* Activity *
Exact reproduction required: the lines below from the line with "Takano Fruit Parlour" to the line with "L&ouml;yt&auml;&auml; yhteytt&auml; omaan", both ends included, and no others.

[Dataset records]
——

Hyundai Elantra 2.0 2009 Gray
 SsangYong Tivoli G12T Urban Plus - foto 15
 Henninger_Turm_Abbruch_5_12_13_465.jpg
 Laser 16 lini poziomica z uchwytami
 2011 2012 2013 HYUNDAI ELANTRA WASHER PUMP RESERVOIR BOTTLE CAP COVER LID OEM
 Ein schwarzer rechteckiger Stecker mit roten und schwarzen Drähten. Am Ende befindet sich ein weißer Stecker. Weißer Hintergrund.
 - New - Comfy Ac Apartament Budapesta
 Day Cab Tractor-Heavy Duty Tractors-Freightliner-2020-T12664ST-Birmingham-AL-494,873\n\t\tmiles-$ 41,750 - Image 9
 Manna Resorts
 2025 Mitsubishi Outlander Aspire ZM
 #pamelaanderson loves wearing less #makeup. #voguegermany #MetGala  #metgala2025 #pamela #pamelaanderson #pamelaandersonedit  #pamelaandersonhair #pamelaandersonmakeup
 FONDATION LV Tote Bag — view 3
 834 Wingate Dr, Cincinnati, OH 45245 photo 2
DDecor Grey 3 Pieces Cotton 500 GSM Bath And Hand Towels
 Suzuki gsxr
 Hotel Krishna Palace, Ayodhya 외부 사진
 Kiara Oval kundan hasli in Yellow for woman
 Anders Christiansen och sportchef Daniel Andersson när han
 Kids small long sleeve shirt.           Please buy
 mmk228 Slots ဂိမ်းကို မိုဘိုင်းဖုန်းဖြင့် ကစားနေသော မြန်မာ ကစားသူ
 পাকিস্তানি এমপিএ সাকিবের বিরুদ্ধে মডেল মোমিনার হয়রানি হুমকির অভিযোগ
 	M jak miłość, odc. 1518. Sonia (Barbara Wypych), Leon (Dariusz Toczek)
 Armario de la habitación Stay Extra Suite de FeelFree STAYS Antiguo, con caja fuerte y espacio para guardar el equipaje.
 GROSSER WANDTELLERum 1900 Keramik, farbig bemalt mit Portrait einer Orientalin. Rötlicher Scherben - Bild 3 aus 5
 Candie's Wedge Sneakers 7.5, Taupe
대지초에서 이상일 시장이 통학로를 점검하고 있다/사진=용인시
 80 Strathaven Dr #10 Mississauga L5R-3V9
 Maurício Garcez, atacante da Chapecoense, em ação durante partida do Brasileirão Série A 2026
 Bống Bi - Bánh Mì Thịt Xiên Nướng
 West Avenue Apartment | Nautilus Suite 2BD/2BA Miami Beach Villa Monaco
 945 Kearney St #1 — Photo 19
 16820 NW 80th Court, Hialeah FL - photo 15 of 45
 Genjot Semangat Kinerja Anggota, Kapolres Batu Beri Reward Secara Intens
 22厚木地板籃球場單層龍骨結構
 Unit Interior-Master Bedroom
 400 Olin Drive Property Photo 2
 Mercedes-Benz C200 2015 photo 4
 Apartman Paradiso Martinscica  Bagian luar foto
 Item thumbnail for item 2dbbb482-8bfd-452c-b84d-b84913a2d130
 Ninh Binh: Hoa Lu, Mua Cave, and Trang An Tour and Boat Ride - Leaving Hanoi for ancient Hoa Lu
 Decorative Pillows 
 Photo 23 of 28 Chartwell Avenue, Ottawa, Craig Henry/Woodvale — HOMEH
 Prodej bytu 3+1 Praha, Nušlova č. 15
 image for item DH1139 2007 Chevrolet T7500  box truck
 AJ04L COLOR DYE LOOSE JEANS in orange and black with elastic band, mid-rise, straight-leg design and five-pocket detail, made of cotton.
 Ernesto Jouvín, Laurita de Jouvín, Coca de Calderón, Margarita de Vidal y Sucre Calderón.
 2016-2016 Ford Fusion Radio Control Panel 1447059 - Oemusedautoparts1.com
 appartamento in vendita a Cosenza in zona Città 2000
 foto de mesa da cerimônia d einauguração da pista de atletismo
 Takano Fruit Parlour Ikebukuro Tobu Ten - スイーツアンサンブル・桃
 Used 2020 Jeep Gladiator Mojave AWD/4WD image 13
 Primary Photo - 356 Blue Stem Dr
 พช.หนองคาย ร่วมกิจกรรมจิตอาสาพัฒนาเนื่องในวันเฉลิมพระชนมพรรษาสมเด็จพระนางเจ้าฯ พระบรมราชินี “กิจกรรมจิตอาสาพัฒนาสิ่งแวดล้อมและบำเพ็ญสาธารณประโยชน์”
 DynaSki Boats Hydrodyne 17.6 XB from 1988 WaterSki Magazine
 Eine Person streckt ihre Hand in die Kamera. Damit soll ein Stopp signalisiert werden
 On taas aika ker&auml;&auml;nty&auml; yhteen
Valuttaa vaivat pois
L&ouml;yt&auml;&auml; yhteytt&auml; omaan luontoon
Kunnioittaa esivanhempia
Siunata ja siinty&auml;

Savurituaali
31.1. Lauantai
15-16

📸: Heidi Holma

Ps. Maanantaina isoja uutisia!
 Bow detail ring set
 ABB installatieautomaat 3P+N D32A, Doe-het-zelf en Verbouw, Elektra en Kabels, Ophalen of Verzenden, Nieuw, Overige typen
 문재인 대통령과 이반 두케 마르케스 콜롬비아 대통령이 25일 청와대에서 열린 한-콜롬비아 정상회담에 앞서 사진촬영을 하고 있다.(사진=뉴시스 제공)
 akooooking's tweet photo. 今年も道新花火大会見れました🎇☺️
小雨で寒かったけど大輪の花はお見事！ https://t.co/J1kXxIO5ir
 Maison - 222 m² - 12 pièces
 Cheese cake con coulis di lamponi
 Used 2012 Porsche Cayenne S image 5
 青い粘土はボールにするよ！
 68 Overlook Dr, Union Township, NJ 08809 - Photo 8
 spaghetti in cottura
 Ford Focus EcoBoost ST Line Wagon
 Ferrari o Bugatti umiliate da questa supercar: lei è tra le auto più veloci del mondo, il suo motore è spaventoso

——

* Solution for this exercise *
 Takano Fruit Parlour Ikebukuro Tobu Ten - スイーツアンサンブル・桃
 Used 2020 Jeep Gladiator Mojave AWD/4WD image 13
 Primary Photo - 356 Blue Stem Dr
 พช.หนองคาย ร่วมกิจกรรมจิตอาสาพัฒนาเนื่องในวันเฉลิมพระชนมพรรษาสมเด็จพระนางเจ้าฯ พระบรมราชินี “กิจกรรมจิตอาสาพัฒนาสิ่งแวดล้อมและบำเพ็ญสาธารณประโยชน์”
 DynaSki Boats Hydrodyne 17.6 XB from 1988 WaterSki Magazine
 Eine Person streckt ihre Hand in die Kamera. Damit soll ein Stopp signalisiert werden
 On taas aika ker&auml;&auml;nty&auml; yhteen
Valuttaa vaivat pois
L&ouml;yt&auml;&auml; yhteytt&auml; omaan luontoon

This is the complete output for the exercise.